Why does the world hurt?
I look upon others, and I see all the hurt
I tell myself that it’s gone; but that is an outrageous lie
Why are they still hurting; I ask myself.
My parental instincts go forth to thee;
And I try to protect those that hurt by feeling their pain for them;
but if anything they writhe in agony more.
Why do people have to hurt other people?!
Why do adults hurt children? Why do adults hurt adults?!
Why do some not have morals in their lives…
I read all of the pain and suffering
I read of all the murders and crime. I hear of all the struggles.
I cry and pray. I cry and write. I write.
I must stop bad things from happening.
I would be a martyr to this cause; but how would things get better?
Humanity simply would have another child abduction tomorrow; eclipsing my death.
And so life continues; but I never forget
The faces of those in worldly torment. The faces in pain.
The faces that shout for me to flee
The faces of those that need a friend
The faces who need an ally; an adult on their side.
The faces that I am still among
The faces who I was born to help.
Henry David
6 comments
<3 <3
I feel the same. I think personally that those who abuse children should be killed or put in solitary confinement in prison for life. Nah they should be killed. Brutally.

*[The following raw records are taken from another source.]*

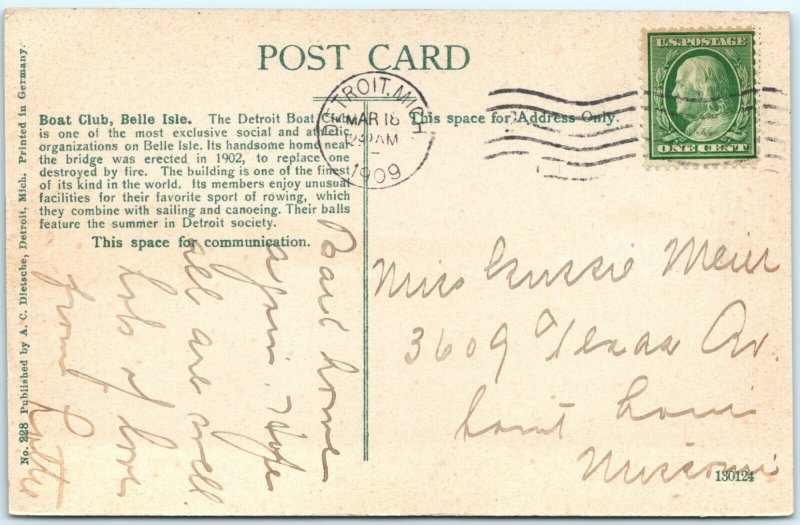 1909 Belle Isle, Detroit, Mich Elite Boat Club Litho Photo Postcard Dietsche A33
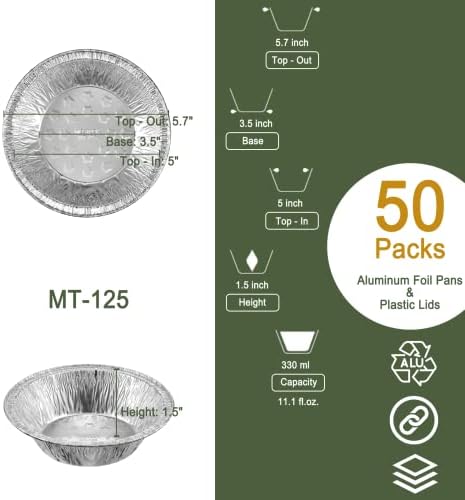 5 Inch Mini Aluminum Foil Pie Pans, 100 Pack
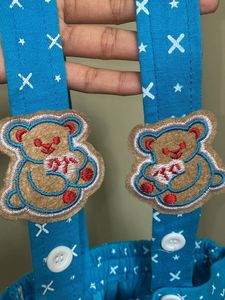 Cute Blue Baby Romper with Teddy Bears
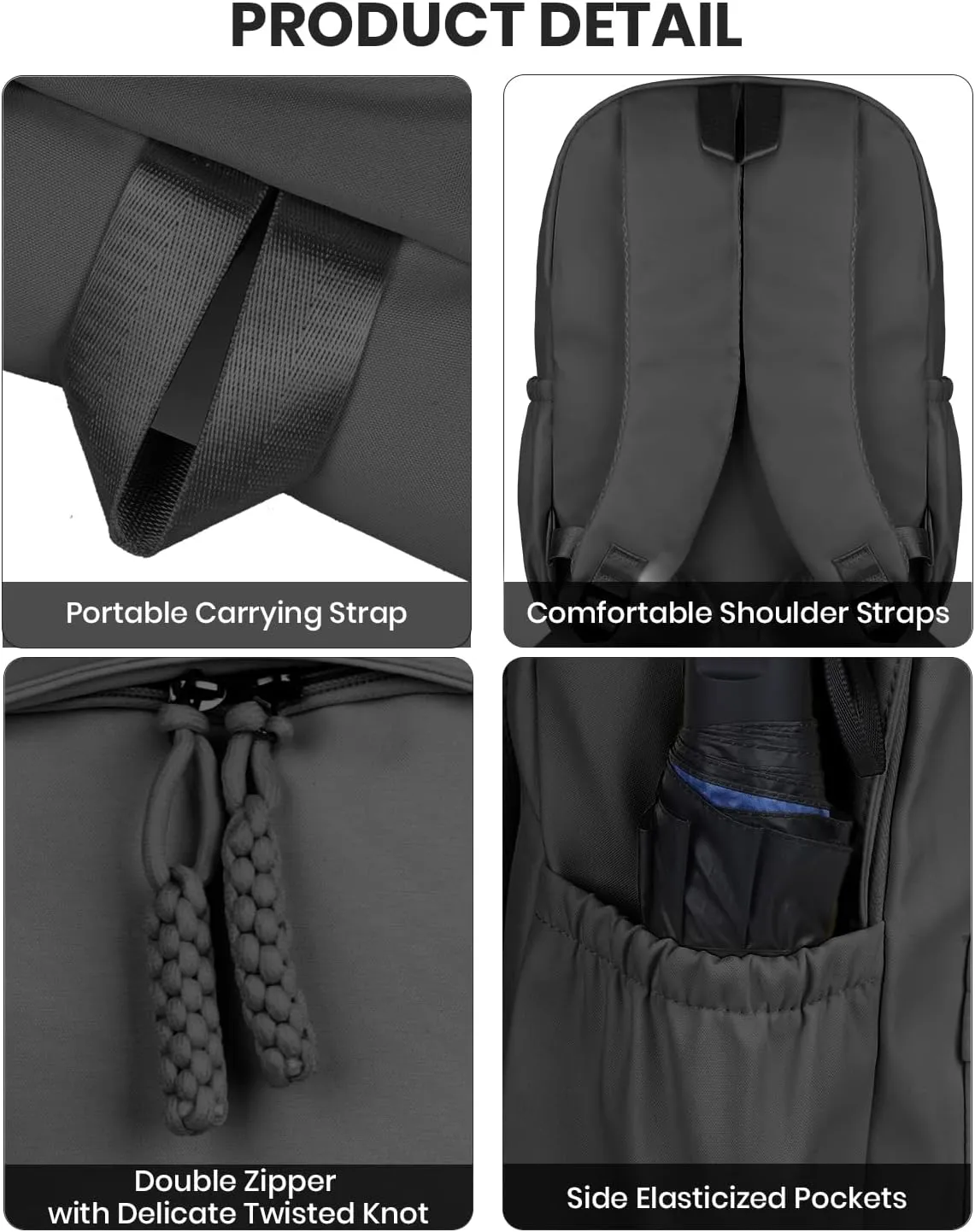 Black Casual Backpack, 14" Laptop Backpack, Bookbag for College, Daypack Backpack for Women Travel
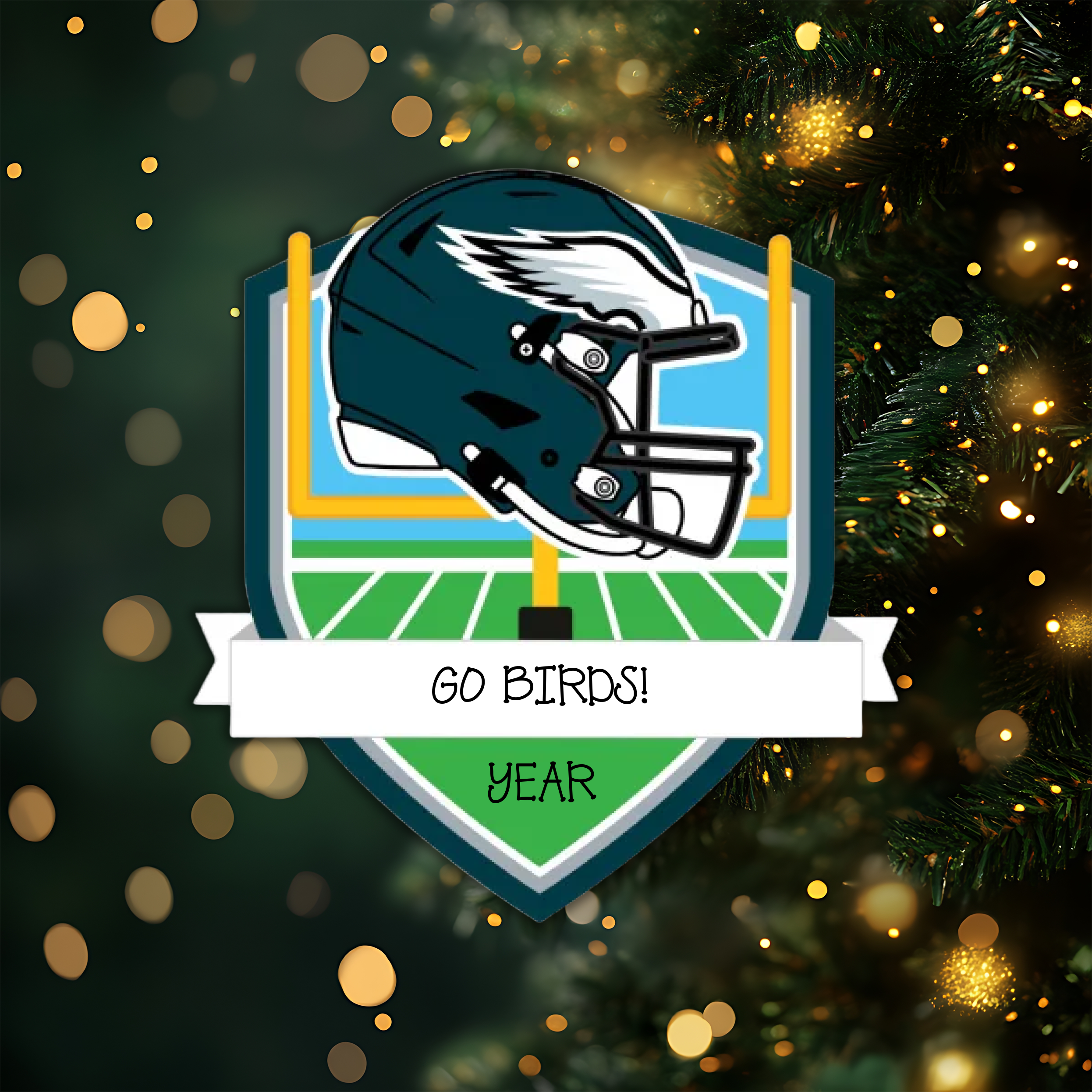 Philadelphia Eagles Personalized Shield Ornament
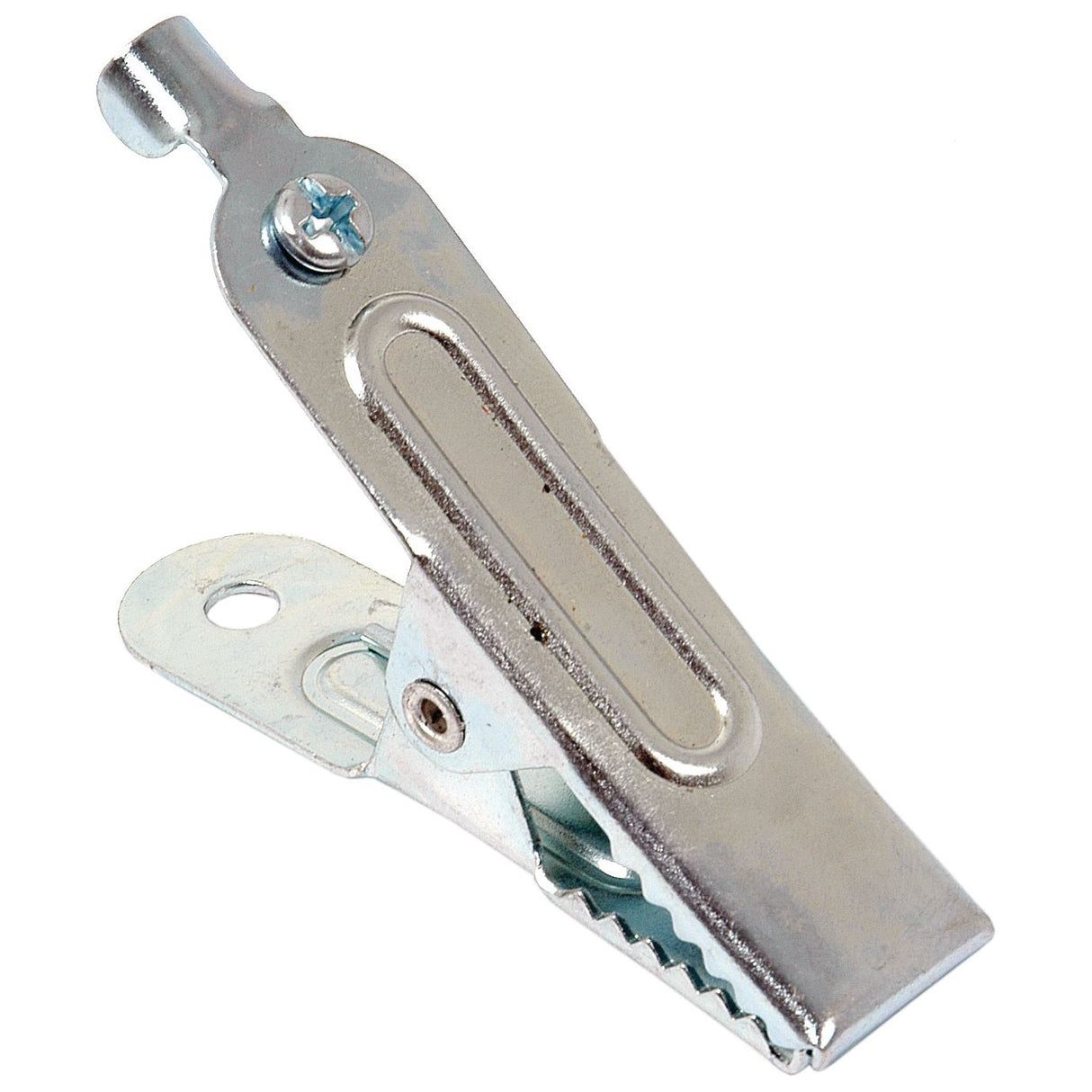 Close-up of a metallic crocodile clip with a screw mechanism on a white background, ideal for various electrical applications and Sparex equipment. Capable of handling 25 amps, this versatile part can be identified by its Sparex Part No. S.8868 for easy replacement.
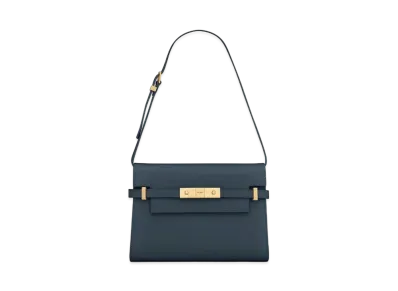 Saint Laurent Manhattan Small Shoulder Bag In Box Saint Laurent Leather "Charron Blue"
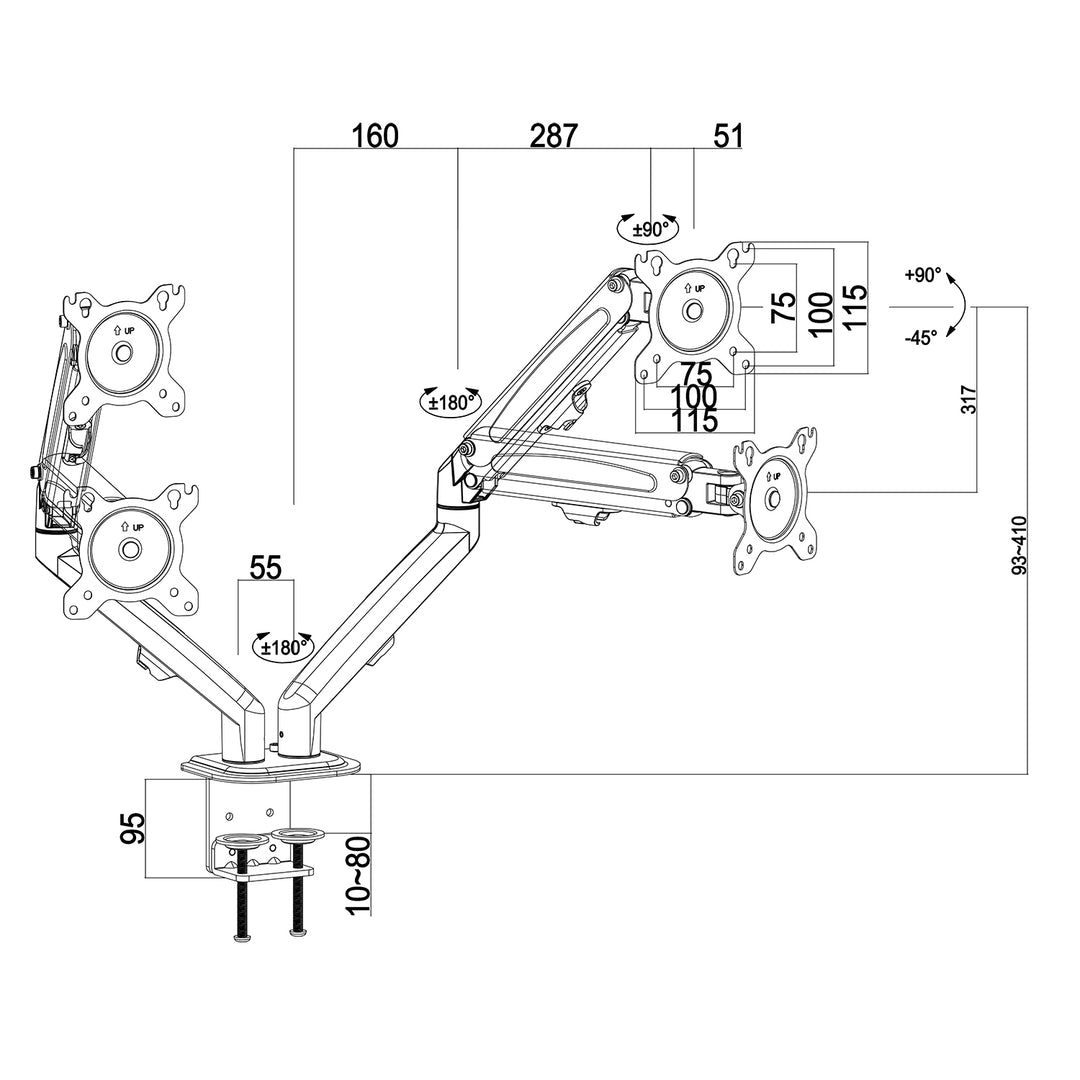 Maclean - Monitorhouder voor 2 monitoren 13"-27" - gasveer - Tot 7kg - MC-861N - Zwart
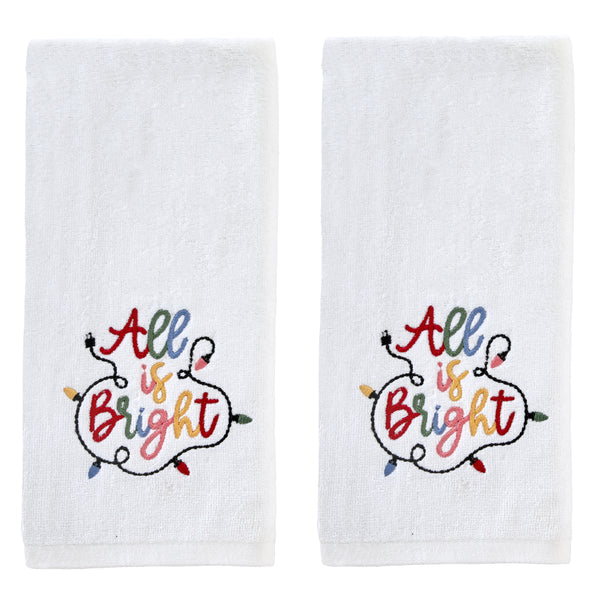 skl home All Is Bright 2-Piece Hand Towel Set White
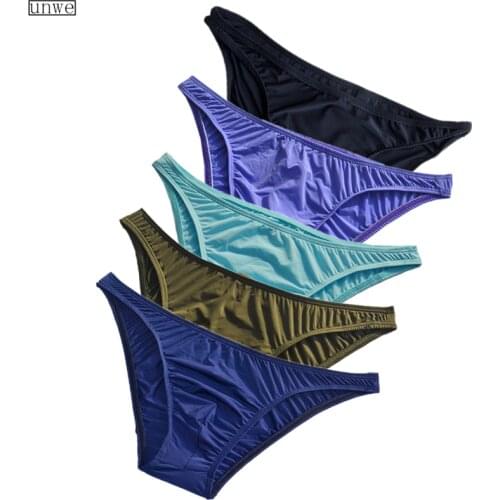 16 Colors Sexy Men Briefs Sexy Underwear Ultra Thin Cool Ice Silk Mens U Pouch Briefs Low Rise Slips Gay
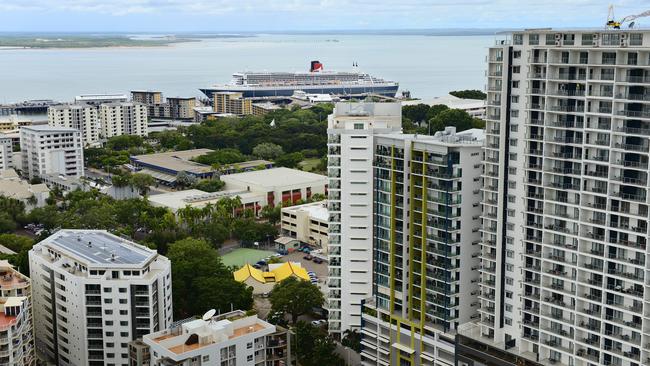 The Cunard cruise ship and the largest ship to visit Australia, the Queen Mary 2 along side at Fort Hill Wharf dwarfing the Darwin city skyline.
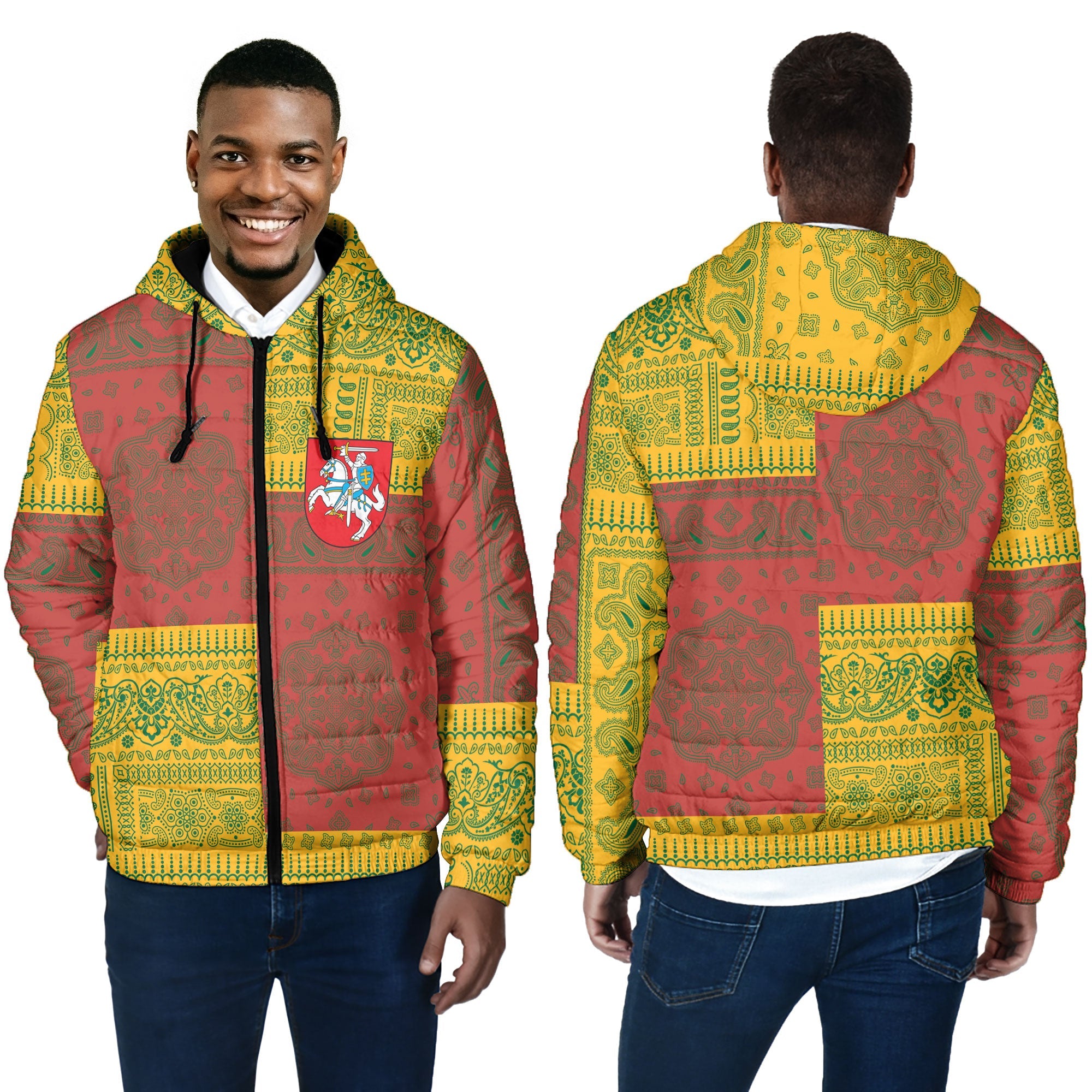 Lithuania Men Hooded Padded Jacket Flag And Paisley Basic Style 4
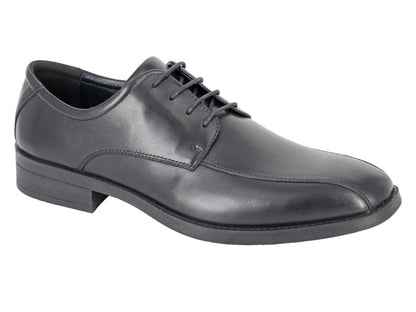 Men’s Black Leather 4 Eye Tramline Tie Shoe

Love will fix the problems. Hate will only pour gas on the inferno that is our humanity; Love will put out the flames.
I WISH I could solve it with hate and murder; It would make it so much easier.
We need stronger laws; but we also need better social services and therapy programs that are subsidized.
We need the love of others; we need the love of peers and strangers before we hate them due to not fitting in.
When the world is at it’s darkest, when the die is cast and the cards of the evil, apathetic and ignorant are cast: Only the love of others can stop it. Only love can.
Molesters deserve to die by being cut everywhere with paper cuts and drowned in rubbing alcohol. Along with all abusers who use their own abuse as children or problems, or alcohol or whatever as an excuse to do what they do.
But we can’t do that ourselves. We can only love others ourselves; train our kids to love everyone, and donate money to programs designated to help.
Love will save us.
the word hurt
Thank you for writing this. Everyday I struggle with wanting revenge but I would end up in prison. But if there was a mad sick dog it would be put down.
I try and focus on all the kind people. I know they are out there, like you sound to be and others on this site. And animals cause I love em. But sometimes I fight the devil. And if I see anyone hurting anyone I will try to stop it. And no one is hurting me again. Ill kill them first. And I’m a very peaceful person but I’ve had enough.
I like what you’ve written Henrydavid. Lots of people don’t deserve to be on this earth. You don’t hear them talking about suicide. And it’s the kind lovely people on this site contemplating it. Everything is so messed up.
I’m not really a pacifist.
I’ve wanted to kill others for what they’ve done.
Not in my life; but in my best friend’s life. Her Stepfather and Father.
And to a lesser extent; her mother. As well as her Exes.
They all hurt her. All of them. Every single one.
I want them to die. But I can’t do that.
I can only love her and support her; and show sympathy.
The faces who I was born to help.
And yet I am still among them.
The only thing keeping me alive is the fact that my friend would be devastated.
If I did:
I’ll be tried as an adult and most likely in jail for the next 30 years; but I’ll be free.